*EXTRACTED MATERIAL:*
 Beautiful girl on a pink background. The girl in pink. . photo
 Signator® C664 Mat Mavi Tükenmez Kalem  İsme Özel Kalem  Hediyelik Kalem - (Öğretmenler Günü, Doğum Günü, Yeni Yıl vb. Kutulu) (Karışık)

* * *

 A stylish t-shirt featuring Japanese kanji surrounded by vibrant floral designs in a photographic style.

--

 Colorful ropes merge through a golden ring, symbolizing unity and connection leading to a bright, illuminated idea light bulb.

*TASK DETAILS:* Would you retype the lines above from the one with "Beautiful girl on" down to the one with "Signator® C664 Mat", word for word, both ends included and no other lines?

*TASK OUTPUT:*
 Beautiful girl on a pink background. The girl in pink. . photo
 Signator® C664 Mat Mavi Tükenmez Kalem  İsme Özel Kalem  Hediyelik Kalem - (Öğretmenler Günü, Doğum Günü, Yeni Yıl vb. Kutulu) (Karışık)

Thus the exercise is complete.